Sejarah Dan Analisis Politik Pembentukan Undang-Undang Nomor 1 Tahun 1989 Tentang Peradilan Agama
MAKALAH
Sejarah
Dan Analisis Politik Pembentukan Undang-Undang Nomor 1 Tahun 1989 Tentang
Peradilan Agama
Diajukan
untuk memenuhi Tugas Mandiri
Mata
Kuliah : Hukum Acara Peradilan Agama II
Dosen
Pengampu : Asep Saefullah, M.H.I
Disusun Oleh :
Fazar Sodik (1415201019)
Jurusan
Ahwal Syakhsiyyah Semester VI (Enam)
FAKULTAS
SYARI’AH DAN EKONOMI ISLAM
INSTITUT
AGAMA ISLAM NEGERI (IAIN)
SYEKH
NURJATI CIREBON
TAHUN
1439 H/2018 M
BAB I
PENDAHULUAN
A.
Latar Belakang
Hukum Islam di Indonesia telah telah lama menjadi
bagian dari norma hukum dan sosial dalam kehidupan masyarakat Indonesia.

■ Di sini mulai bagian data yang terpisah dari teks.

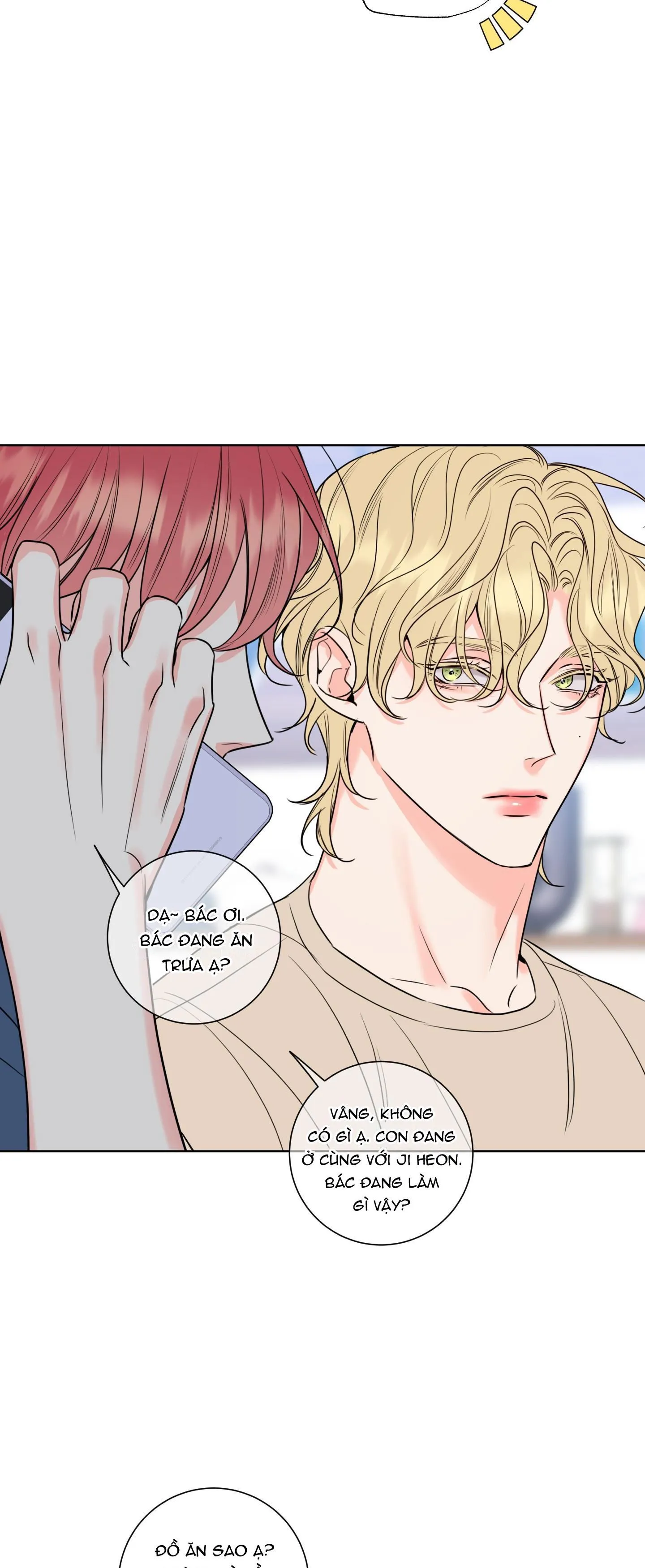 CHUYỆN TÌNH RẮC RỐI -DMBL Chapter 14 Trang 8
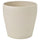 PERSILLADE plant pot, light beige, 19 cm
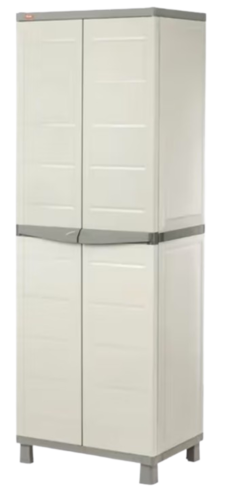 ארון שירות גבוה - UTILITY MATRIX 6280 - אפור בהיר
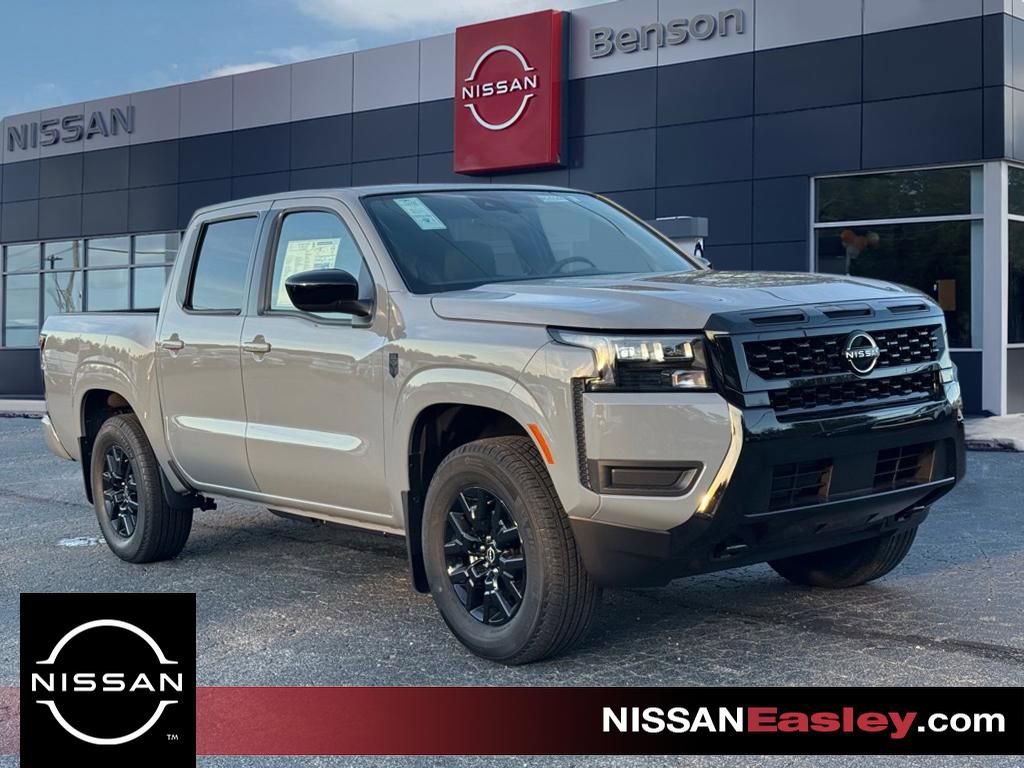 New 2026 Nissan Frontier SV w/ All-Weather Content Package image 1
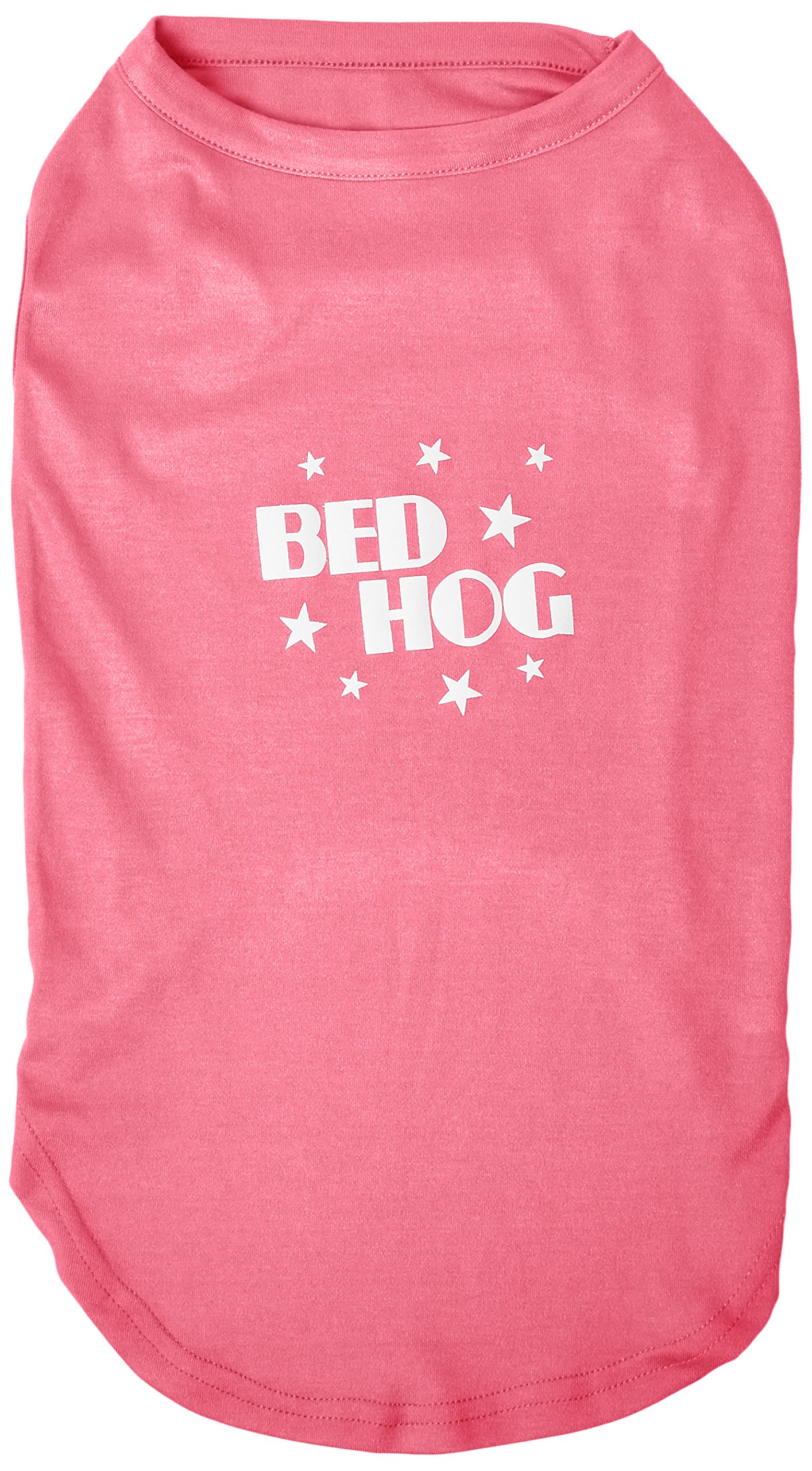 Mirage Pet Products 20-Inch Bed Hog Screen Printed Shirt, 3X-Large, Bright Pink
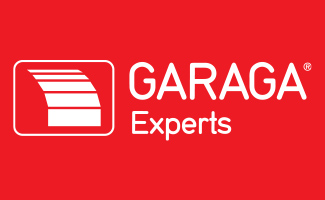 Garaga Experts White logo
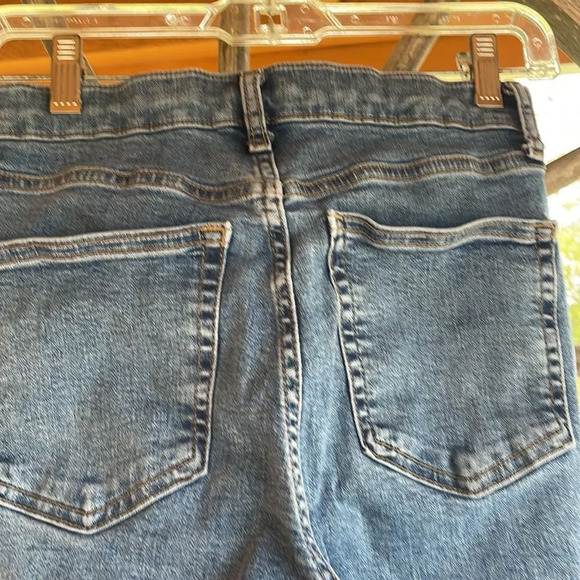 TopShop woman’s Jamie blue jeans - Picture 8 of 16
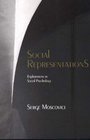 Social Representations Studies in Social Psychology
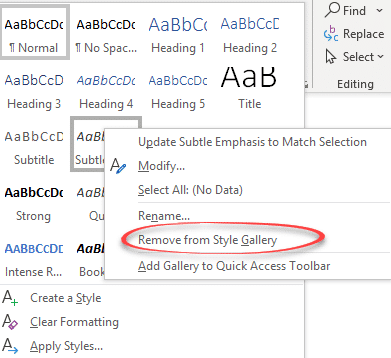 How to Apply Text Styles and Headings in Word - 2025 6 Apply Text Styles2 1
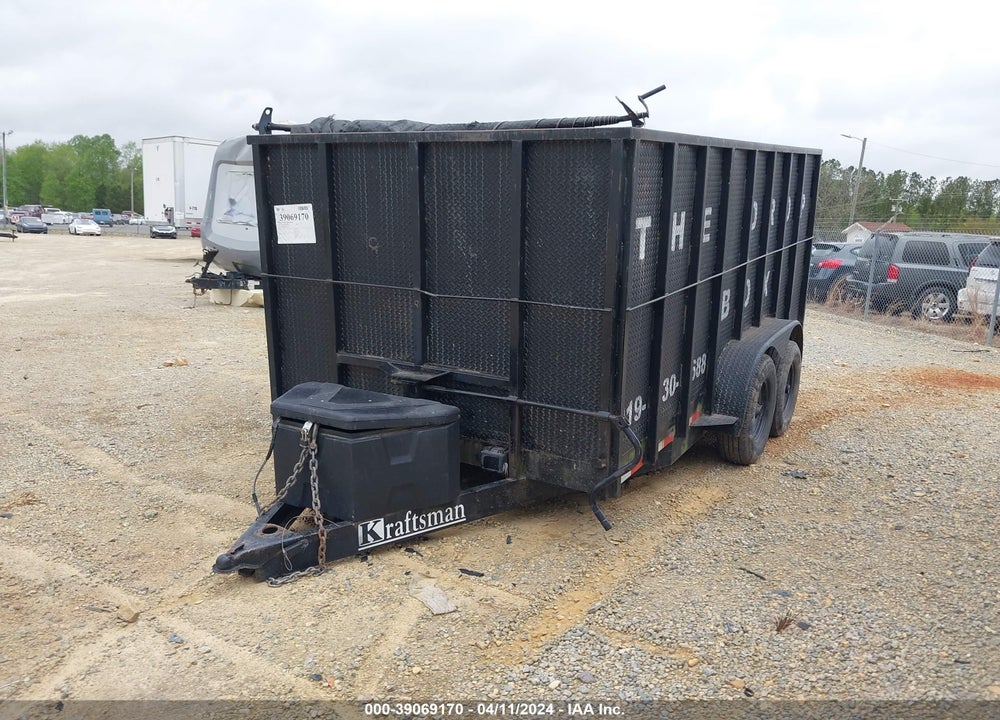 2014 KRAFTSMAN DH VIN: 5E7DH1424ER002043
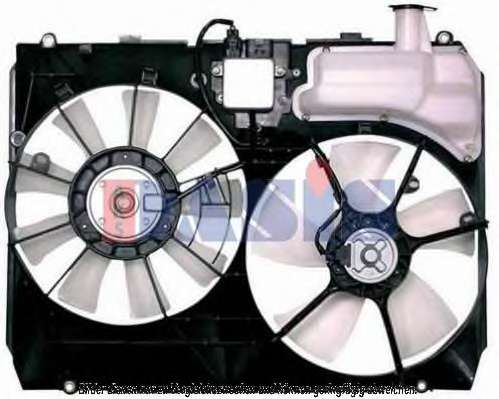 Вентилятор, охлаждение двигателя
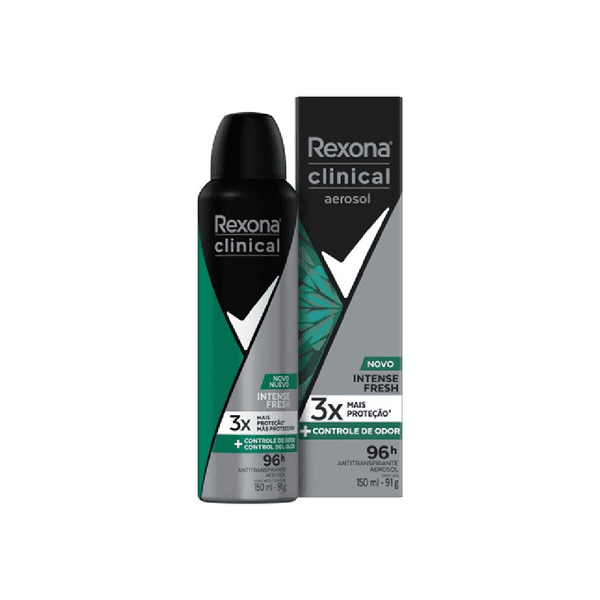 DES REXONA CLINICAL MEN INT REFR AER 91G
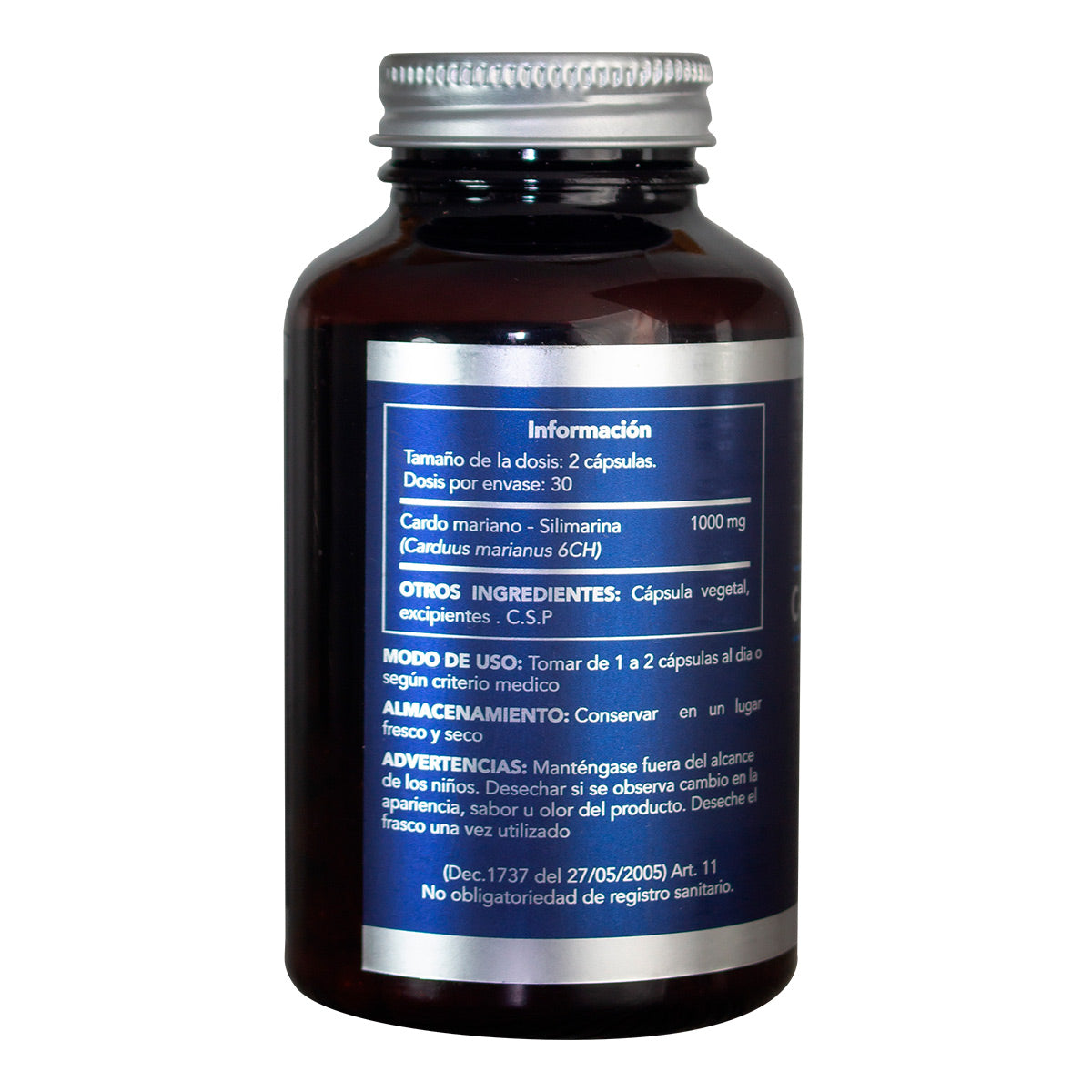 Cardo mariano silimarina 60 capsulas nexo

Perkembangannya terus berkesinambungan. baik melalui jalur infrastruktur
politik maupun suprastruktur politik dengan dukungan kekuatan sosial budaya
masyarakat Indonesia yang mayoritas beragama Islam
Keanekaragaman pemahaman orang Islam Indonesia di
dalam memahami hukum Islam memiliki dua kecenderungan, yakni hukum Islam
identik dengan syari’ah dan identik dengan fiqh. Ini banyak terjadi bukan hanya
di kalangan ulama Fiqh, tetapi juga di kalangan akademisi dan praktisi
hukum Islam.
Cara pandang dan interpretasi yang berbeda dalam
keanekaragaman pemahaman orang Islam terhadap hakikat hukum Islam telah
berimplikasi dalam sudut aplikasinya. Oleh karea itu dalam penerapanya
didasarkan pada beberapa dasark hukum yaitu kitab-kitab fiqh,
keputusan-keputusan Pengadilan agama, peraturan Perundang-undangan di
negeri-negeri muslim dan fatwa-fatwa ulama.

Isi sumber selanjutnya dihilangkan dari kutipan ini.